The new number is a small fraction of one percentage point of the almost 69 million displaced people in the world today. But Pompeo said the United States remains the most generous nation when other U.S. aid to refugees is taken into account, including funds to shelter and feed refugees in camps closer to their home countries.
Pompeo said the lower cap should not be the “sole barometer” of American humanitarian measures, but “must be considered in the context of the many other forms of protection and assistance offered by the United States.”
In raw numbers, the United States accepts more refugees than other countries . In per capita terms, however, the United States lags far behind several less populated countries such as Canada, Australia and Norway.
Pompeo said the new ceiling would be less than a third of the 110,000-refugee cap in place when President Trump came to office. After he was done reading a brief statement in the State Department’s Treaty Room, Pompeo turned and left the room, ignoring questions shouted by reporters.
The new number is the lowest level of annual refugee admissions allowed since the Refugee Act was enacted in 1980.
It does not necessarily mean that 30,000 refugees will be admitted in the 2019 fiscal year, which starts next month. In the current year, for example, fewer than 20,000 refugees had been resettled by Aug. 31, less than half the current cap. With just one month to go, it is extremely unlikely the number will change dramatically.
Pompeo said another cutback in refugees — for the third year in a row — was needed because of a backlog of 800,000 pending asylum seekers. In the past, asylum seekers and refugees have been treated as two separate categories of people fleeing conflict and persecution. Under international law, countries are obligated to admit asylum seekers, though a judge can reject their cases and deport them. Refugees have already been accepted.
“In consideration of both U.S. national security interest and the urgent need to restore integrity to our overwhelmed asylum system, the United States will focus on addressing the humanitarian protection cases of those already in the country,” Pompeo said.
New refugee numbers must be announced at the end of every fiscal year. But with the midterm elections less than two months away, the decision reflects the administration’s assessment that current immigration levels are perceived as still being too high.
In a letter sent to Pompeo last month, a bipartisan group of former officials and heads of humanitarian organizations had urged him to raise the cap.
In his first year in office, Trump set the cap at 50,000, before cutting it to 45,000, and now again by a third.
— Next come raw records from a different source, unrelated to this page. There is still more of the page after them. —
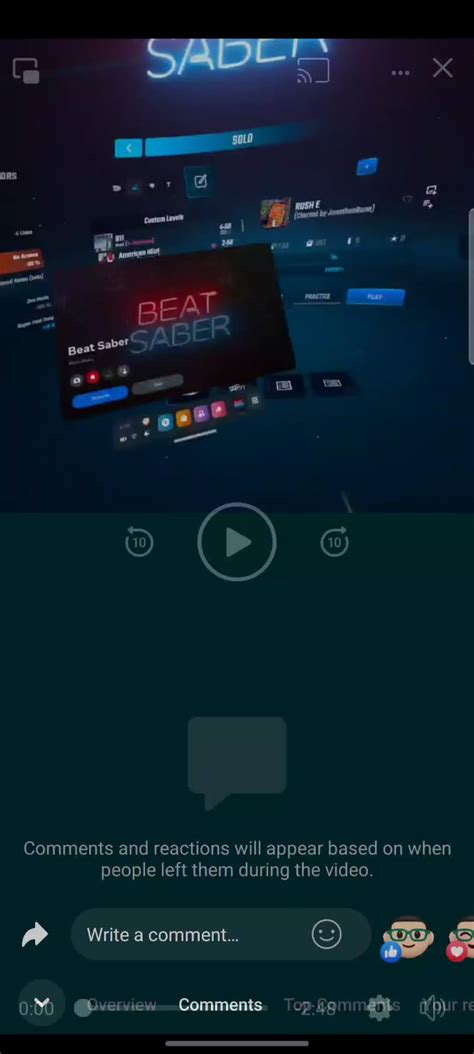 so I finally did rush e... yes I had to turn on no fail and no arrows ...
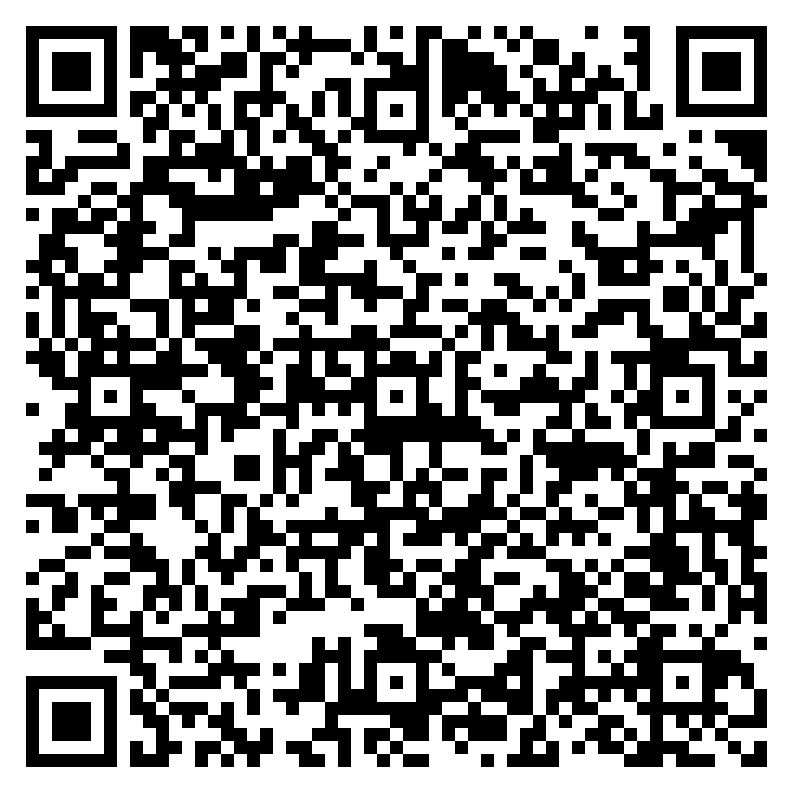 QR code 07023926400000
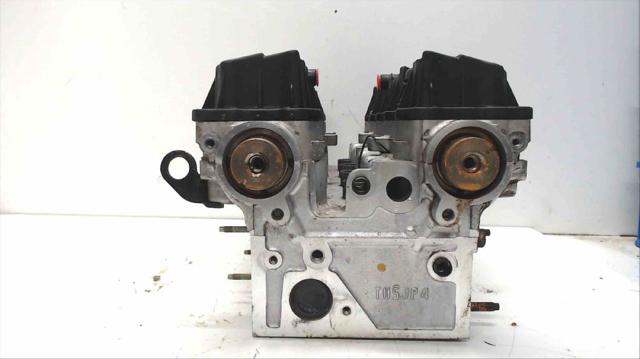 PEUGEOT 9636076010 в наличии Черновцы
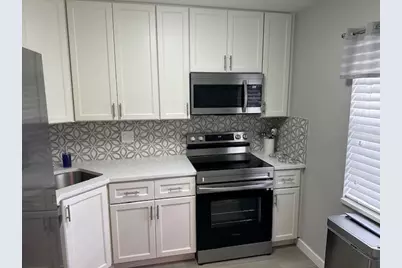 7705 NW 5th Court #101, Margate, FL 33063 - Photo 1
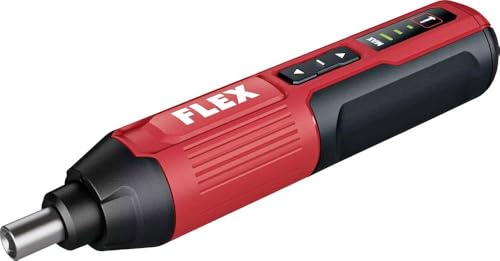 FLEX SD 5-300 4.0 C von FLEX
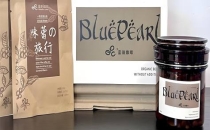 云南蓝珀咖啡有限公司 Yunnan Lanpo Coffee Co., Ltd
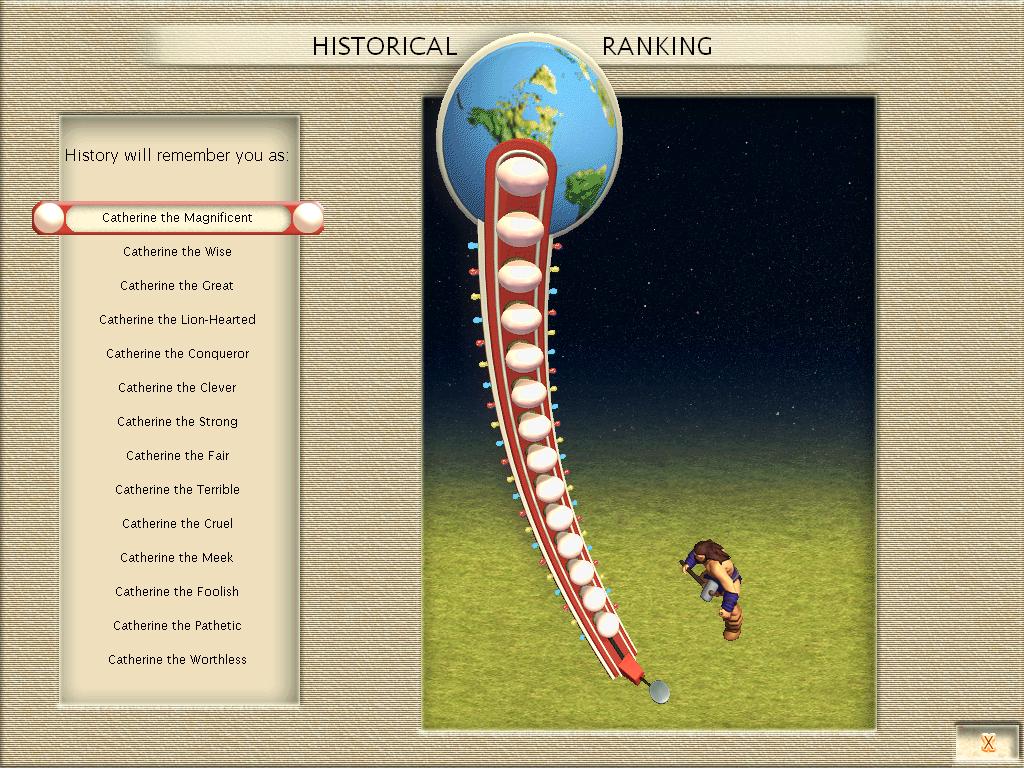 HOT6_Magnificent.JPG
According to the International Rescue Committee, the number of refugee admissions is down dramatically for Christians, Muslims, Yazidis and Rohingya. At the end of last month, just 60 refugees from Syria had been allowed into the United States this year despite an ongoing war that has displaced millions of citizens and caused a refugee crisis in neighboring countries.
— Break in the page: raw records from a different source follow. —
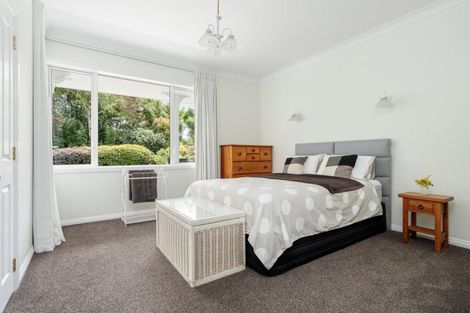 Photo of property in 1 Sycamore Rise, Tauriko, Tauranga, 3110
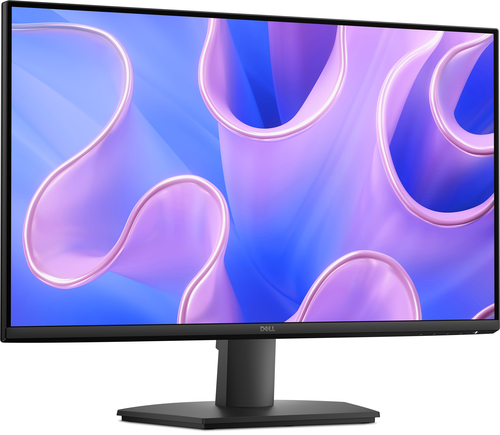 Dell SE2725HM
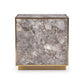 Bernhardt Tildon Side Table — 347127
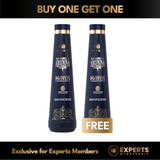 (50% OFF) Buy One, Get One, Exclusive to Vitta Experts Members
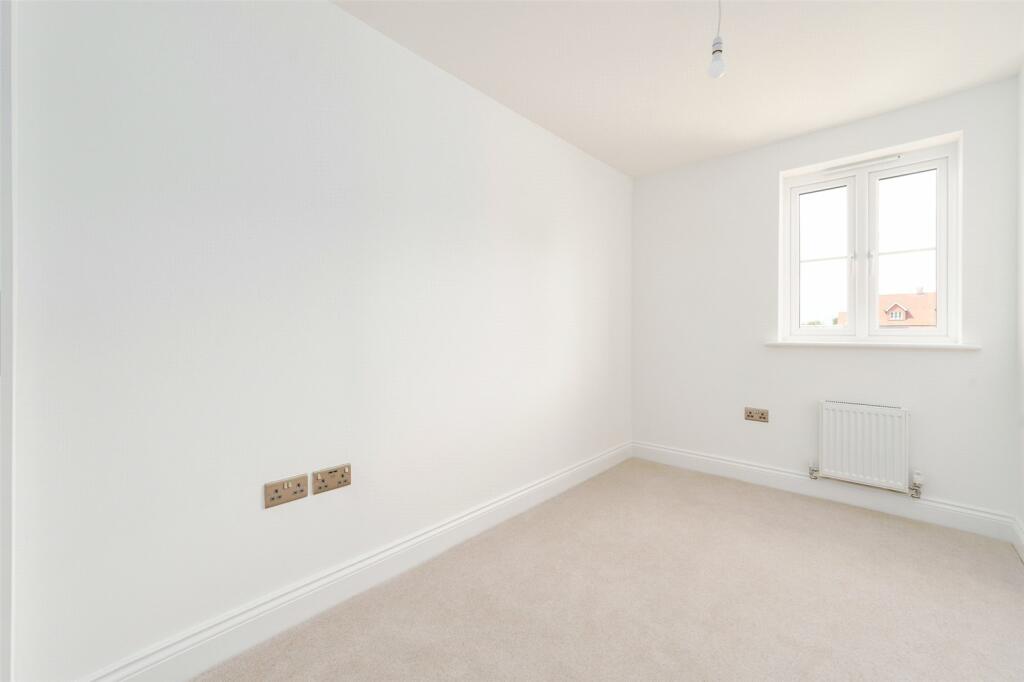 Additional image 8 of Mayflower Meadow, Platinum Way, Angmering, West Sussex, BN16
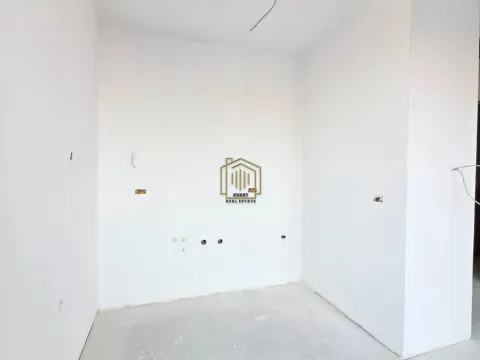 Sale, one bedroom apartment, 40m², Stari Aerodrom, Podgorica - image 7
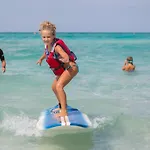 Vivosa Apulia Ugento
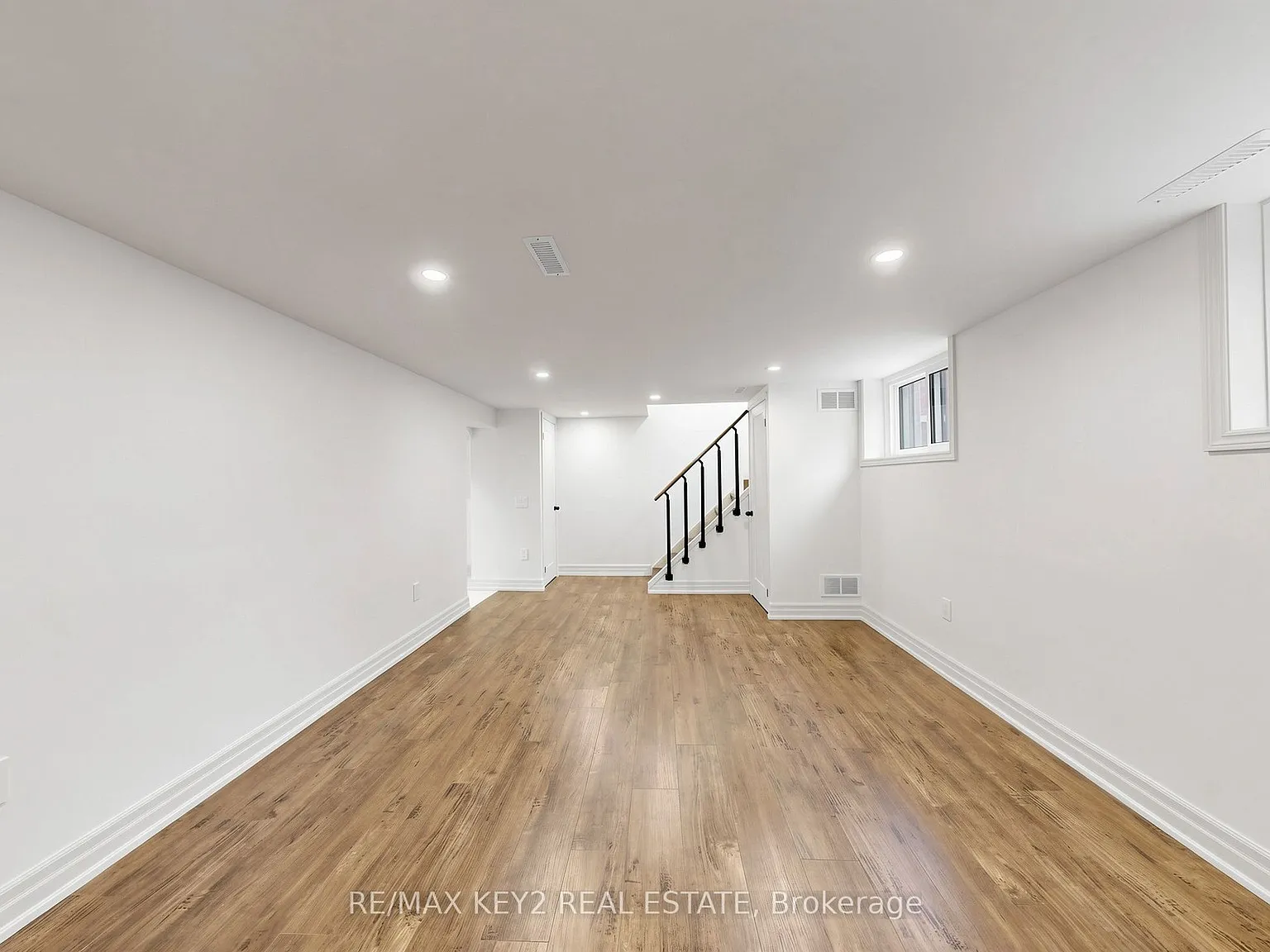 1 bed, $1,980 — Photo 2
Criticism of the decision came swiftly from many quarters.
“Reducing the refugee number to another all-time low signals to the world that we are abdicating our moral leadership, which undermines our foreign policy and national security interests,” said Kevin Appleby, senior director of international migration policy at the Center for Migration Studies. “Congress should exercise its oversight responsibility and push back hard on this low number through every tool at its disposal.”
Rep. Bill Pascrell Jr. (D-N.J.) urged the administration to reverse course.
“There are a host of agencies and communities ready to welcome refugees fleeing war, ethnic cleansing, and famine,” he said in a statement. “By setting next year’s refugee cap at another historic low, the Trump administration continues to show contempt for those most in need. It is unconscionable they would justify a lower cap by pitting refugees against asylum seekers.”